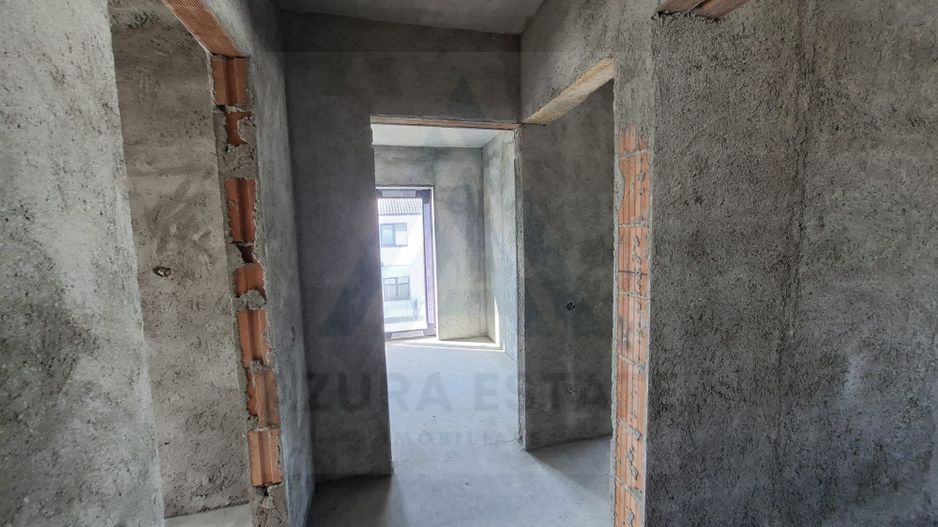 Casa individuala 4 camere 146 mp utili P+1 si teren 475 mp in Selimbar - Poză 8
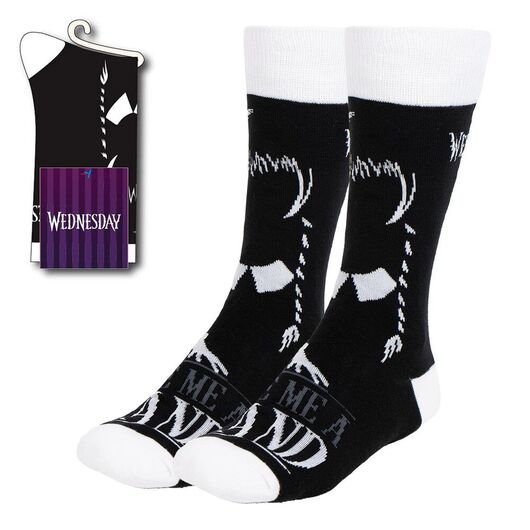CERDÁ Wednesday adult socks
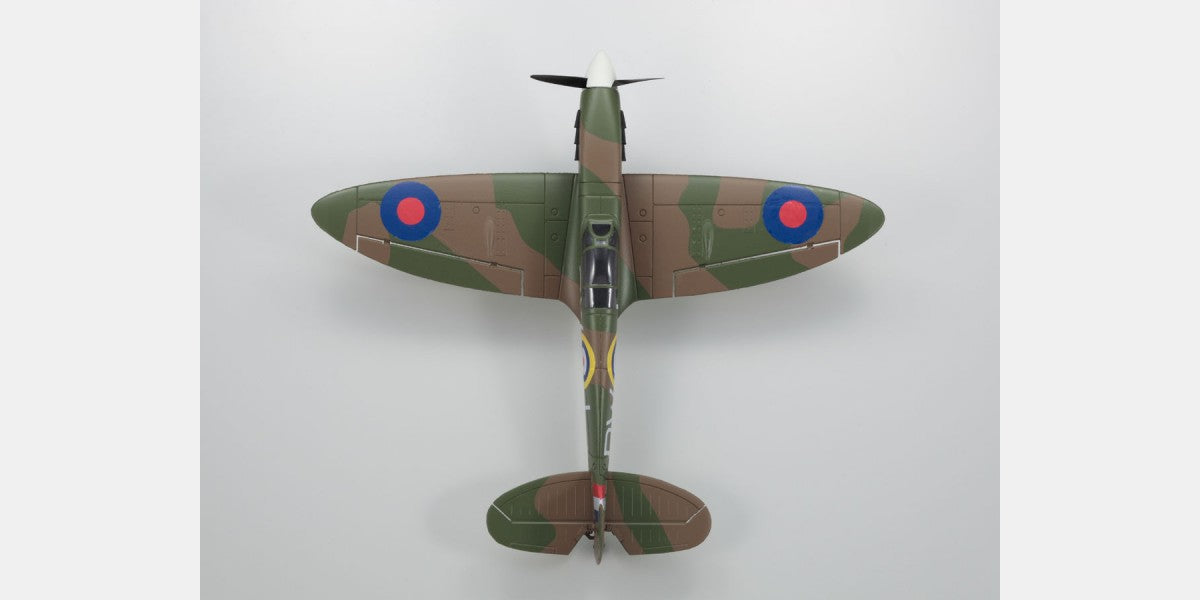 KYOSHO RC PLANE SPITFIRE Mk I Readyset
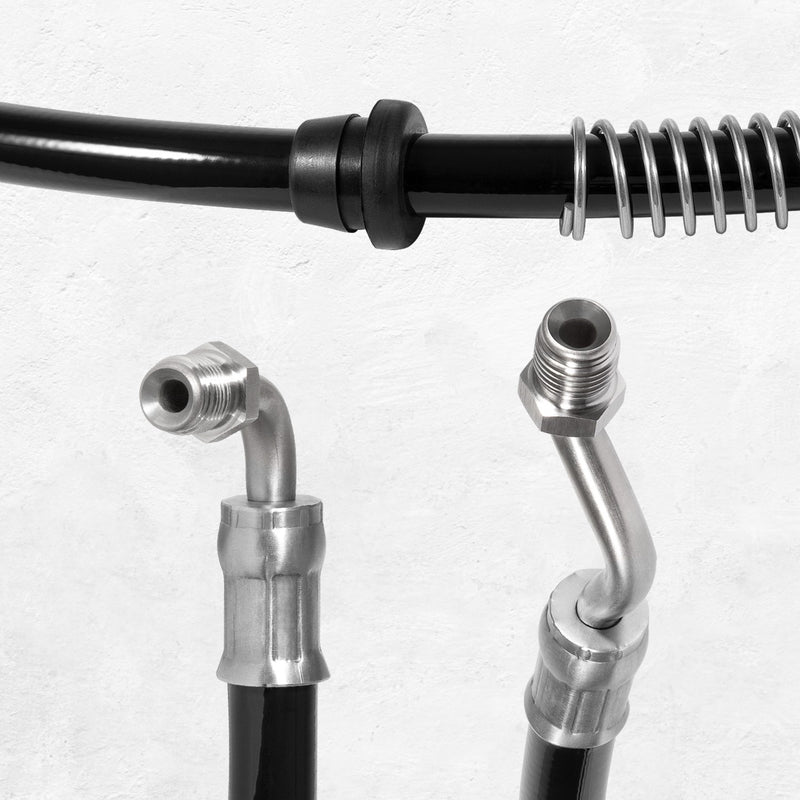 18-2111 32-88006 Marine Power Trim Hose for Mercury Mariner Outboard Motor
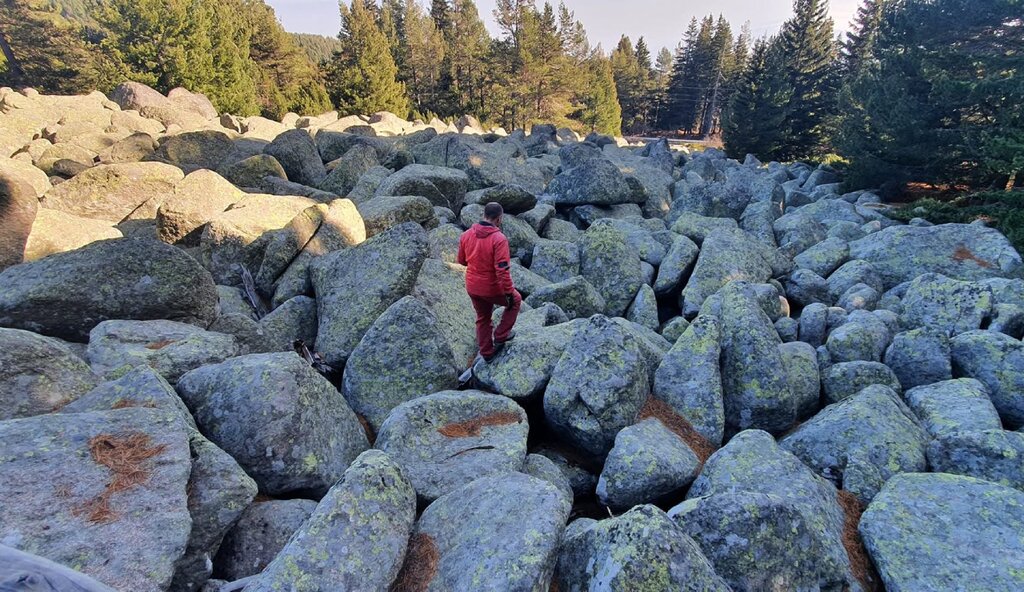  Vitosha – Nature just a step away from Bulgaria’s capital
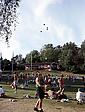 Viele B�lle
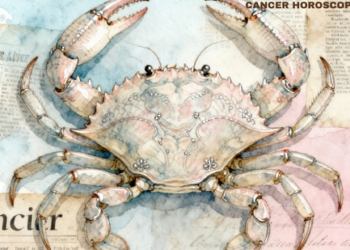 Cancer Horoscope Today: Read our expert astrological predictions to find out what the stars have in store for you.
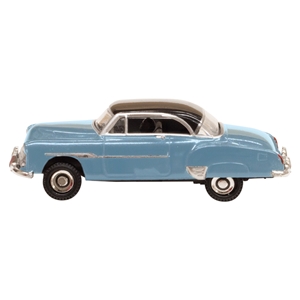 Woodland Scenics - WJP5596 HO Comfy Cruise - 1:87 Scale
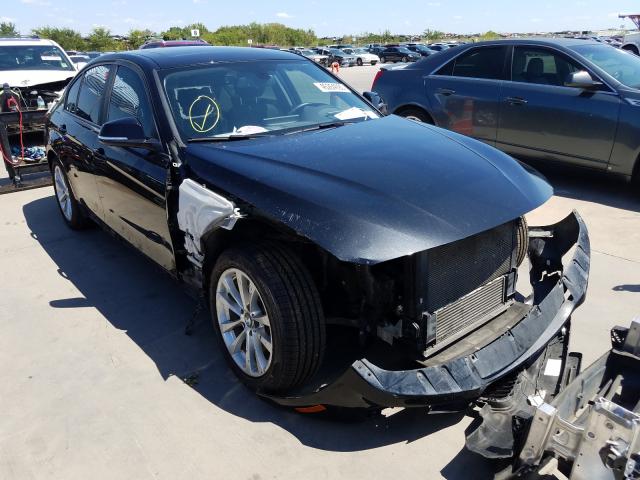 2017 bmw 320 i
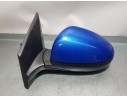 Recambio de retrovisor izquierdo para chevrolet aveo berlina hatchback ls referencia OEM IAM 95186964  C/MANDO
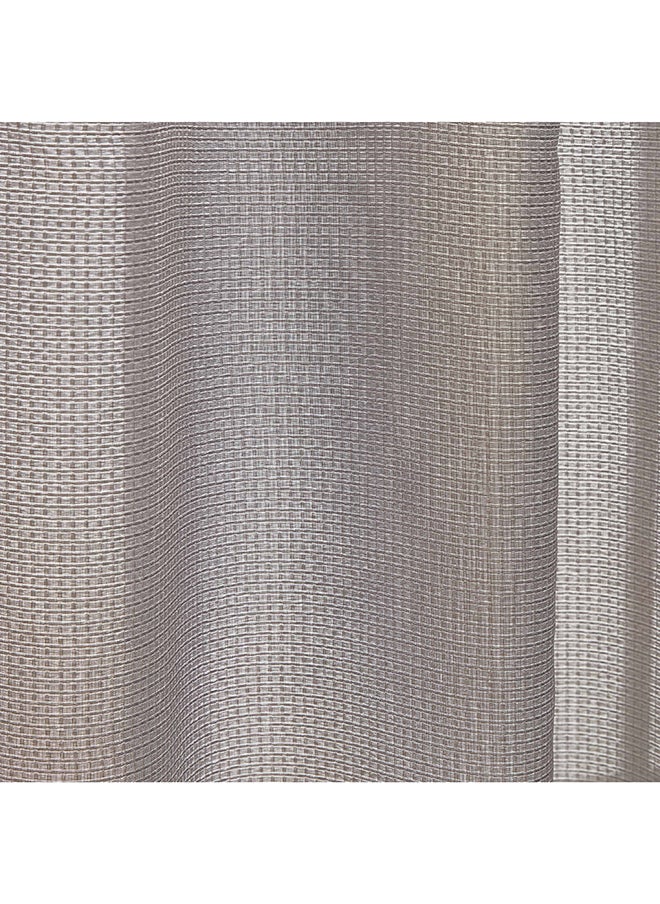 Diamond Solid Jacquard Shower Curtain with Hooks 200 x 180 cm - pzsku/ZC61E9278BDC987D21D0DZ/45/_/1704974740/4de6617a-2bd8-43c4-a57d-8cbdf8556628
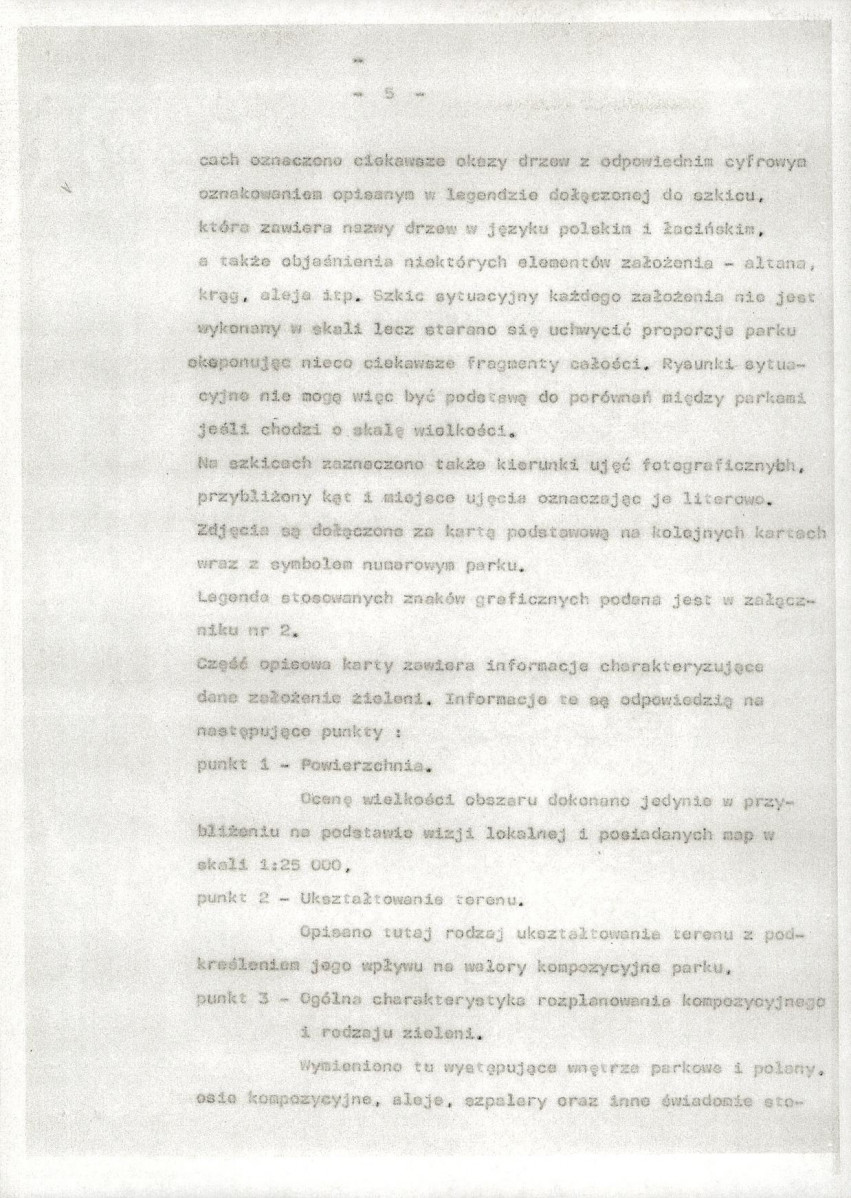 Ewidencja parkowa, skan nr 8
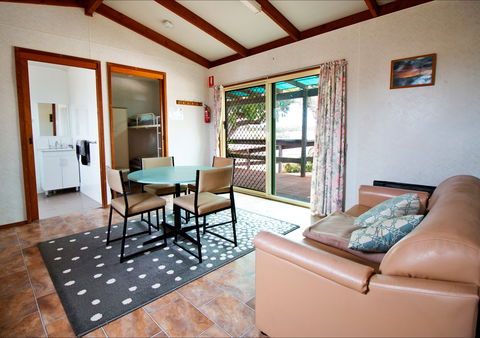 Coodlie Park Farm Retreat - Tourism Canberra 2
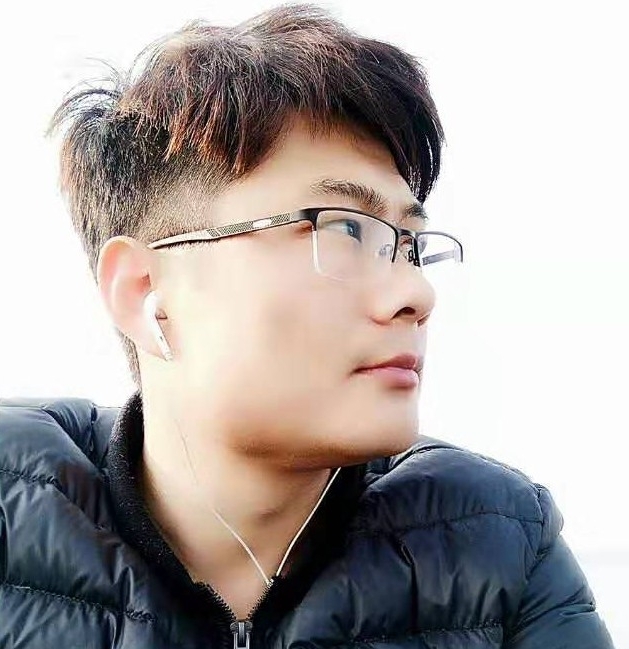 bin的第一张照片--政和交友网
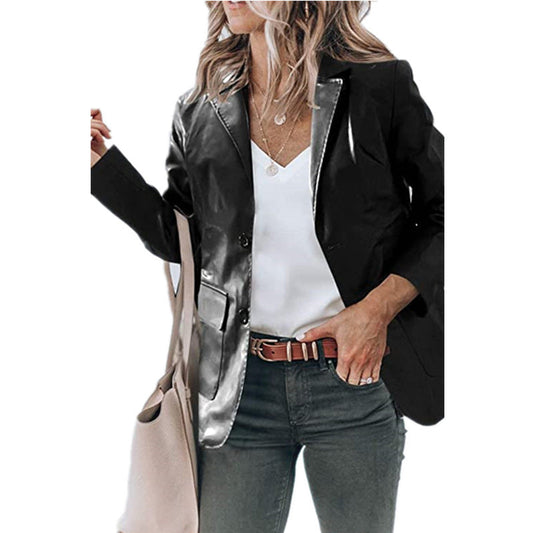 Yasmina | Casual and fashionable winter garment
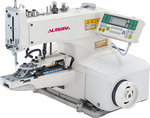 Промышленная пуговичная швейная машина Aurora A-1377D с серводвигателем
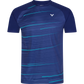 Victor t-shirt - Teamwear Series Blue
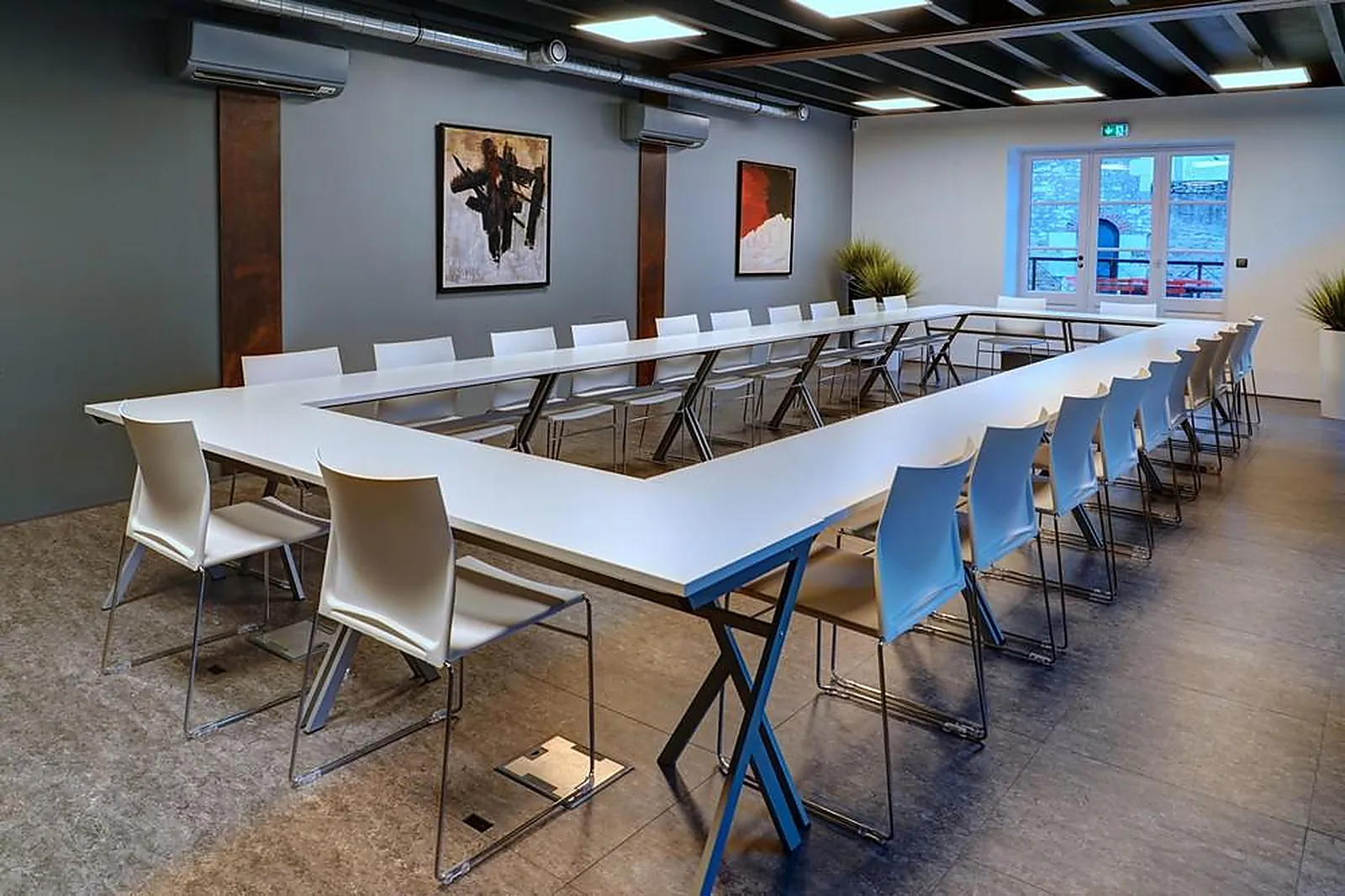 Lieux événementiels, CITÉ RICHELIEU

Exercise goal | Here the job is to copy the stretch of records from the line containing "2017 bmw 320 i" through the line containing "Yasmina | Casual", word for word. Leave every picture out.

Exercise output |
 2017 bmw 320 i
 Recambio de retrovisor izquierdo para chevrolet aveo berlina hatchback ls referencia OEM IAM 95186964  C/MANDO
 Diamond Solid Jacquard Shower Curtain with Hooks 200 x 180 cm - pzsku/ZC61E9278BDC987D21D0DZ/45/_/1704974740/4de6617a-2bd8-43c4-a57d-8cbdf8556628
 Ewidencja parkowa, skan nr 8
 Coodlie Park Farm Retreat - Tourism Canberra 2
 bin的第一张照片--政和交友网
 Yasmina | Casual and fashionable winter garment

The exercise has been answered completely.